Until someone knows what to do there, I'll send out manual messages weekly. If you'd like to receive these and are not getting them, please let me know.

* If you haven't read it yet, chapter one, on tetrasyllabic shi poetry, in 
How to Read Chinese Poetry is hugely useful for the Book of Odes, imo. 

* Remember you can also look at 
How to Read Chinese Poetry in Context.

* IF YOU HAVE FRIENDS WHO MIGHT LIKE TO JOIN or have other ideas, please let me know on 
this post.

* Every week I search the poems' English results to see if I can find any scholarship or neat bits and pop the results in Resources. Here is this week's 
collection.

**NEXT BATCH MAY 10.**
Date: 2021-05-09 04:10 pm (UTC)

Re: 217. 頍弁 - Kui Bian

superborb: (Default)
From: [personal profile] superborb
Baike says that the mistletoe and the dodder is considered a classic metaphor. The dodder is also a climbing plant. The host is the pine and cypress and the guests the parasitic plants. I think the parasitism is definitely meant to be read here.

All baike says about the leather caps is that they had an angular appearance, made of white deer leather, with a dome-like appearance. (Unsure how it is both angular and dome-like?)
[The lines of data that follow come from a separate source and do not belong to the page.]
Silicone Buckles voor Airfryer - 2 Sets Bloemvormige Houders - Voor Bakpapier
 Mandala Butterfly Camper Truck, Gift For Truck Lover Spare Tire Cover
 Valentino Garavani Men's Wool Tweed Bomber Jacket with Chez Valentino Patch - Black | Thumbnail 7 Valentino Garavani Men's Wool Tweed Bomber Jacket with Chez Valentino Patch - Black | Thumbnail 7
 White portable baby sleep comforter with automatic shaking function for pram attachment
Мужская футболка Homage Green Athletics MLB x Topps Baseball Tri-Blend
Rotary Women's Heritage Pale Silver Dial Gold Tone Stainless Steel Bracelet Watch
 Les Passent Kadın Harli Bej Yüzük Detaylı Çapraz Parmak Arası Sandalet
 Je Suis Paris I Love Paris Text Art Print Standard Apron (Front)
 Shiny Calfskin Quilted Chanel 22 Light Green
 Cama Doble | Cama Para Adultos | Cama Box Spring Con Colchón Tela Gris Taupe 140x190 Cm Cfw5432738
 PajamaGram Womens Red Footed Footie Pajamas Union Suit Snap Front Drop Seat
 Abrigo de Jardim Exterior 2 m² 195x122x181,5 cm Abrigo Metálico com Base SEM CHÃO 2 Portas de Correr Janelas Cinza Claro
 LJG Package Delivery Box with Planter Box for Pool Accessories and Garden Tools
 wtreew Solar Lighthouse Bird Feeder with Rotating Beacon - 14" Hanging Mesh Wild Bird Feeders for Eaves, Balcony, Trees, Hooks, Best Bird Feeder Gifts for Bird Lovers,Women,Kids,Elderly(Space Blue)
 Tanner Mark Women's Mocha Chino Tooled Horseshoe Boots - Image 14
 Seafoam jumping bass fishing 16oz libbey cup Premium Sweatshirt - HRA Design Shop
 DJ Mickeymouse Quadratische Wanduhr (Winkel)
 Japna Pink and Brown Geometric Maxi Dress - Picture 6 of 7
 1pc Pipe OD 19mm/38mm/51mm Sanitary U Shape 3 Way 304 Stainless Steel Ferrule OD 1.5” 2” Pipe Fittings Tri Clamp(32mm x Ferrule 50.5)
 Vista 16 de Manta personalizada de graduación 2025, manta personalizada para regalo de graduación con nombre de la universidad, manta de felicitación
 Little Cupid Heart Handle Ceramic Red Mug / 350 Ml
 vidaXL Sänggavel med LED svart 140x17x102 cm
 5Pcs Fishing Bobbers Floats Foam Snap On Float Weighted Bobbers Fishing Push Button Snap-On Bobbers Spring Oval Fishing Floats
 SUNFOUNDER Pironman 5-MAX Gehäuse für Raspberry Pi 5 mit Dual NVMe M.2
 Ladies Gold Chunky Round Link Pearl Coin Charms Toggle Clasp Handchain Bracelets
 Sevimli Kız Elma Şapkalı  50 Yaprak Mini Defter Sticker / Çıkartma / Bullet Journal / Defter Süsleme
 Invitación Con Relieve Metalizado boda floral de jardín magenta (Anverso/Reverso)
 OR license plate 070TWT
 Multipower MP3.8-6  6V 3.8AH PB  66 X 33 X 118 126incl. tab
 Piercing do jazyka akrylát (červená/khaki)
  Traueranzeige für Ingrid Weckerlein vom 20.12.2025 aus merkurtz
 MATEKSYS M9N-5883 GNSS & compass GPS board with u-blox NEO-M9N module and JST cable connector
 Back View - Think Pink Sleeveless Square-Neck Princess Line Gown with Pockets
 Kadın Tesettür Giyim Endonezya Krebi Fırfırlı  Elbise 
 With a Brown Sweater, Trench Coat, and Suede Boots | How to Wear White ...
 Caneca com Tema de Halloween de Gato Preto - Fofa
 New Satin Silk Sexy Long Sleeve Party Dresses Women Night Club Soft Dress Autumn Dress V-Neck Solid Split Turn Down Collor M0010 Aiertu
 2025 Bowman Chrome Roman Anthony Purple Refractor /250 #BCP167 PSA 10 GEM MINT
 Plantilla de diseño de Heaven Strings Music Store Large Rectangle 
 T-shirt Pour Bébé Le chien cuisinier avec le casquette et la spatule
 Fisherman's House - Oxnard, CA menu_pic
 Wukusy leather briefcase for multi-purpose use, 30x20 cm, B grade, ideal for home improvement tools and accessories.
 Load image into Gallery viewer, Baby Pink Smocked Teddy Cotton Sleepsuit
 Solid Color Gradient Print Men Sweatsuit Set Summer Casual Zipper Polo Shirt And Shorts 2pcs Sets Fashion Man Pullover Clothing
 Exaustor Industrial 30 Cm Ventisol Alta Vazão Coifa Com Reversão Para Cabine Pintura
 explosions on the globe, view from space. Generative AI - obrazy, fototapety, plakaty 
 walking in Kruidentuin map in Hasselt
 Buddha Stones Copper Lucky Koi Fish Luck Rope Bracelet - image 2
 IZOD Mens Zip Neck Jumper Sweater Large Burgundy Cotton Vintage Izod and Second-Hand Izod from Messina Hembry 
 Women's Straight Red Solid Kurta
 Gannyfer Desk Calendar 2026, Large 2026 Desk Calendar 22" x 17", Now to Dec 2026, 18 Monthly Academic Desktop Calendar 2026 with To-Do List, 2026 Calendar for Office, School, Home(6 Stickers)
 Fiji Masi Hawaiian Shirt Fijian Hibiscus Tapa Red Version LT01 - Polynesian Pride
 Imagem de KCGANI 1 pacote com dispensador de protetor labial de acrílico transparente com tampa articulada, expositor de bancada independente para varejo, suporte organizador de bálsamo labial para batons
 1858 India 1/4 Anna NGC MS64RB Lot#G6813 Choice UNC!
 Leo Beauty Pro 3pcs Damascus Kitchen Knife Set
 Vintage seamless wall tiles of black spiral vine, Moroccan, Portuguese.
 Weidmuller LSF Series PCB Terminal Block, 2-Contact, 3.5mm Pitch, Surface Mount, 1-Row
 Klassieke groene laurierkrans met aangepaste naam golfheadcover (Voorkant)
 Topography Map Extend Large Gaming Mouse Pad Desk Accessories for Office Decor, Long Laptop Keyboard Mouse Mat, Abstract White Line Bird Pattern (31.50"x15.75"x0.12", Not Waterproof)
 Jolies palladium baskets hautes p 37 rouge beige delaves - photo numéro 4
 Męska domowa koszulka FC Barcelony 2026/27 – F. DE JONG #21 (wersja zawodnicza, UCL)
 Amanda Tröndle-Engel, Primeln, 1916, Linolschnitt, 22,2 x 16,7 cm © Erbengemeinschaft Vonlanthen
Baike seems to think the graupel (not really sleet) is meant ominously, like, they don't know when they're going to die.

But yeah, Baike thinks pessimism, social unrest, the future is unknown type thing.
Date: 2021-05-09 03:57 pm (UTC)

Re: 217. 頍弁 - Kui Bian

superborb: (Default)
From: [personal profile] superborb
Baike:
Mao's commentary says this satirizes Zhou You wang, who has no relatives and cannot peacefully make merry with his family.

Although the tone of the poem is about a banquet, it also describes the relationships between the aristocrats. Beneath the surface of a lively atmosphere, they are pessimistic and disappointed, so it's a mood of "make merry while you can". It is an expression of the decline of last years of the Western Zhou Dynasty. (Also, Baike keeps referring to the aristocrats as 奴隶主贵族, which translates to the slave owning aristocrats, and I'm not sure if there is some connotation to the 'slave owner' part that I'm missing?)

Baike also notes that some scholars believe this wasn't meant as satire, just a song about enjoying life, but the people reading into it adds this meaning.